As I recall it [not verbatim], Wallace asked Clinton and Trump to share their views of the constitution as either immutable–as the Founding Fathers originally wrote it–or as a living document that changes with the times. Both candidates–of course–pledged allegiance to the 2nd amendment. Trump elaborated with a half-assed, Justice-Scalia-esque originalist answer. Clinton asserted that, while she “believes in” the 2nd Amendment, she sees areas where changed circumstances justify a less literal interpretation. [She was referring mostly to universal background checks for gun purchases.]

That’s when I started thinking about the role that the Bill of Rights played in the history of the Constitution. If I remember correctly, the original Constitution was signed in 1787. Then, in 1791, the Founding Fathers added the Bill of Rights–a set of 10 amendments to the Constitution that they apparently thought necessary to clarify their intent.

The anti-Federalists of the time had initially wanted to include a Bill of Rights in the body of the Constitution, but they lost that battle. The ensuing Bill of Rights was a way of placating the anti-Federalists. But that means that the Bill of Rights constituted a set of changes to the original document. Right?

Even George Washington anticipated that there would be changes–amendments to the Constitution. In his inaugural address as first president of the United States, Washington said this about the Constitution:

whilst you carefully avoid every alteration which might endanger the benefits of an united and effective government, or which ought to await the future lessons of experience…

I’m focused on the phrase that I emphasized in bold: “…to await the future lessons of experience.”  That sounds like Washington expected circumstances to change in the future that might necessitate amendments to the fledgling Constitution governing his presidency.

So, I’m wondering how we can say that the original Constitution–and even the initial, 10-amendment Bill of Rights—particularly the 2nd Amendment–must  remain unchanged. If we’re trying to figure out the Founding Fathers’ “intent,”  we have to look no further than George Washington’s own inaugural words. He knew things would change. He understood that there would be “future lessons of experience.” As history shows us, they did, and there were. Isn’t that why we now have, for example, the 14th Amendment and the 19th Amendment?

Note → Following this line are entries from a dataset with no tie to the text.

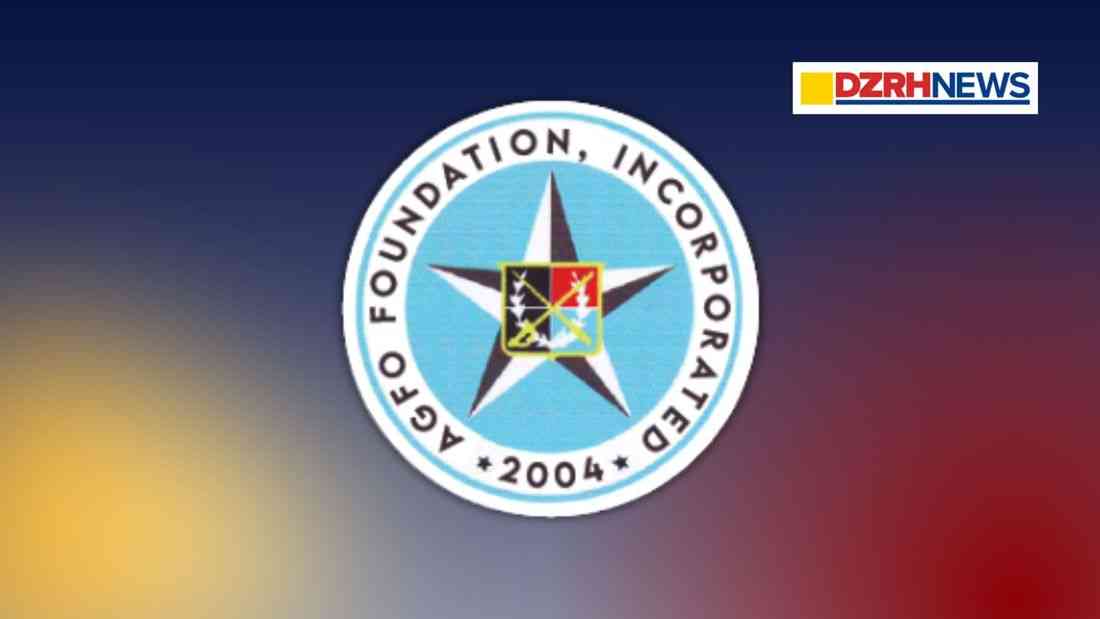 AGFO condemns China sanctions vs. defense chief Teodoro, backs PH sovereignty stance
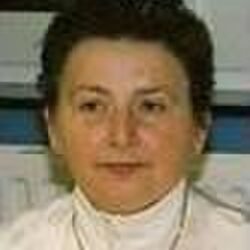 Claudine SCHMITZ à Wardin: avis de décès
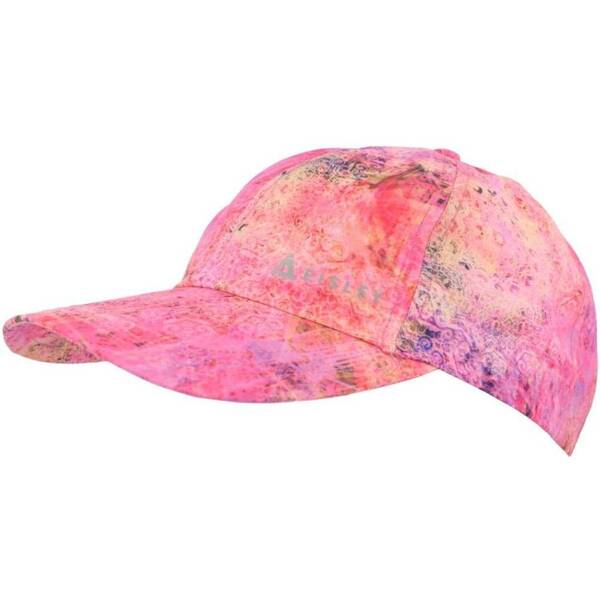 EISLEY Herren Summerly Cap von EISLEY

All of which says to me–in my rudimentary, non-PhD way of thinking–that the Constitution was already a “living document” even before the ink was dry on the original piece of parchment. The Founding Fathers were, themselves, the first revisionists of their own creation. In light of all the changes that were added within just a few years of the ratification of the U.S. Constitution, I simply cannot understand the argument that 21st Century rulings must be based on an absolutely rigid reading of the Constitution.


  • Stacy Mergenthal

    Great points. Like you, I think that the constitution is a living document is irrefutable. They are called constitutional amendments (to alter, modify, etc.), after all. I didn’t know this before I looked it up but 12 of the 27 amendments were ratified during the founders’ lifetimes and 12 of them were ratified in the 20th century. No matter what position one takes, that’s a pretty decent record of changing the constitution throughout our short history. And when we consider those modifications/amendments…HUGE. Due process. Term limits. The abolition of slavery. Women’s suffrage and expanding voting rights to most adult citizens. We have a rich history of amending the law to address modern concerns. Now we are facing different problems that need legislative attention. There may be a realistic case-by-case argument for not amending the constitution, but not a historical one such as the “founders’ intent” argument.